Concretely, one needs to consider the type of data that can be gathered either from individual or pooled sequencing approaches. In the first case, the data consist of a series of aligned DNA sequences, each attributed to a single specimen and to a given gene. SNP loci (including both intra- and interspecific SNPs) and haplotypes that groups all loci from a given sequence (or gene) can be derived from these data. SNPs are classical bi-allelic loci from which many types of metrics can be derived; the number of polymorphic SNPs estimated from PCCGS can be compared among communities (a community composed of a few species will likely have a lower number of polymorphic SNPs than a community composed of many species, even if the former is rich intraspecifically), the evenness can be derived from allele frequencies, as well as the differentiation (dissimilarity) among local communities (e.g., Gaggiottiet al. 2018), etc.
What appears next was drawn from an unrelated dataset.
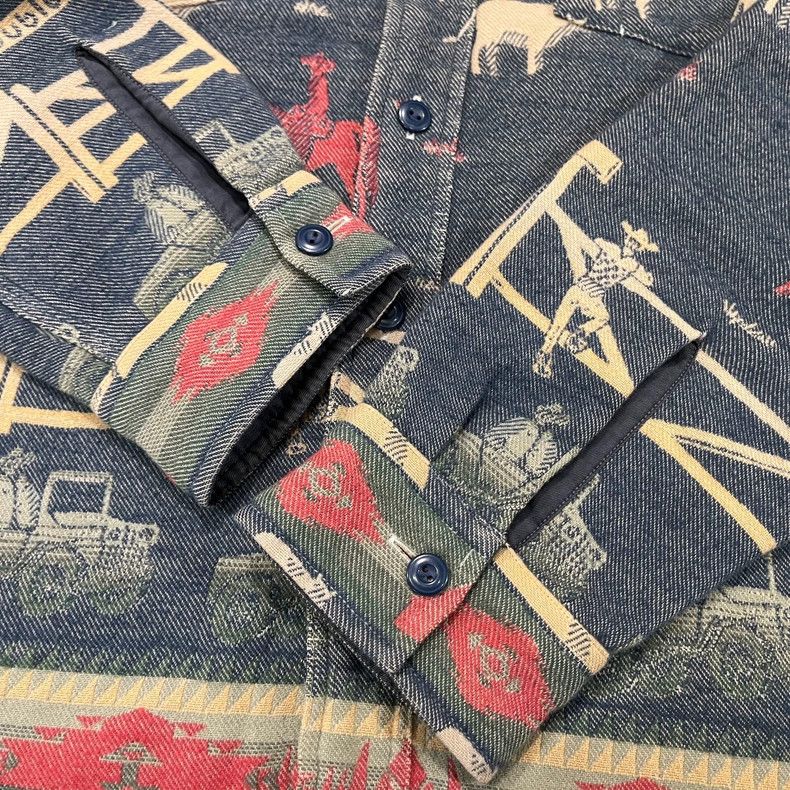 RRL Ralph Lauren RRL Ralph Lauren Southwest Ranch Shirt Size US S / EU 44-46 / 1 - 8 Thumbnail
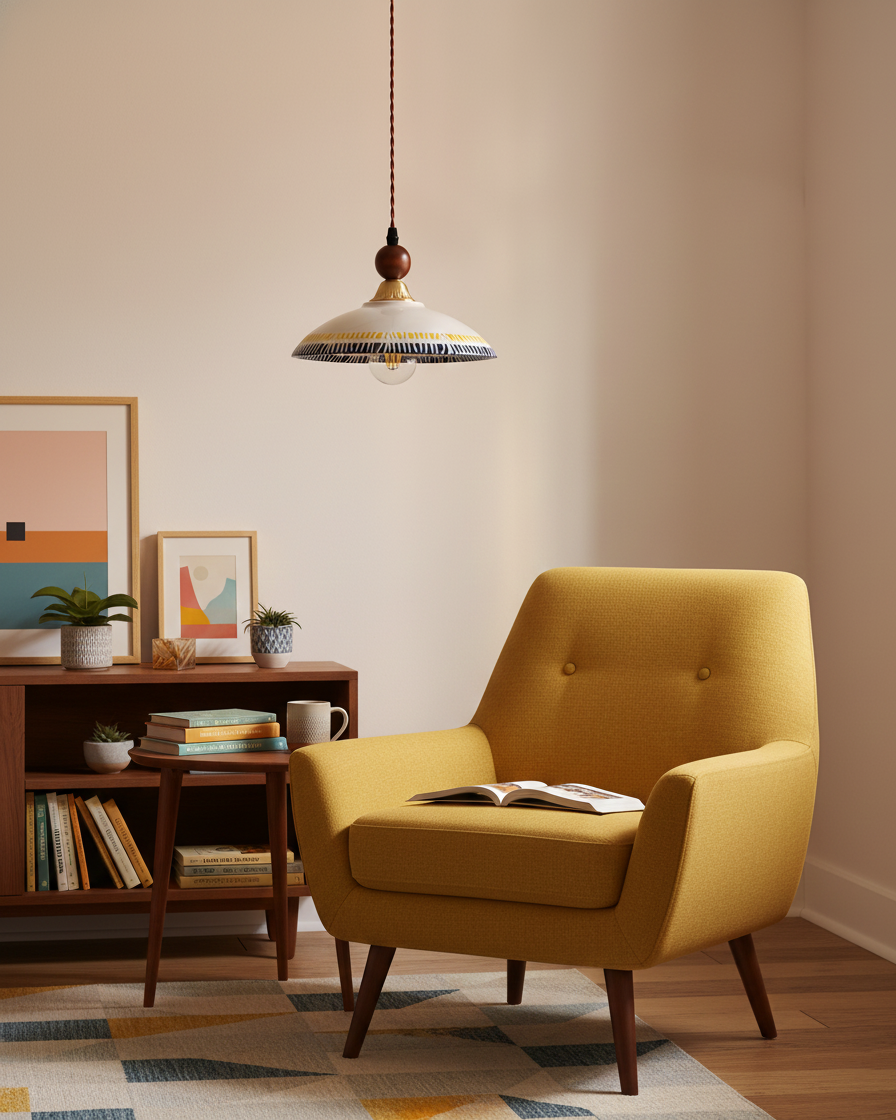 Avelin Wood Pendant Lamp — product view 3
Haplotypes can be used to draw phylogenetic trees (including both intraspecific and interspecific tips) from which all types of phylogenetic metrics of community can be derived (Tucker et al.2017). Possibilities are more restricted for the pool-seq approach. In that case, a series of SNPs are therefore retrieved, together with their relative frequency within the community; alleles can not be attributed to a particular species or a particular individual within a species, which impedes the reconstruction of haplotypes. For pool-seq approaches, the metrics derived from SNP data (including information on allele frequencies) are therefore favoured (Schlötterer et al. 2014).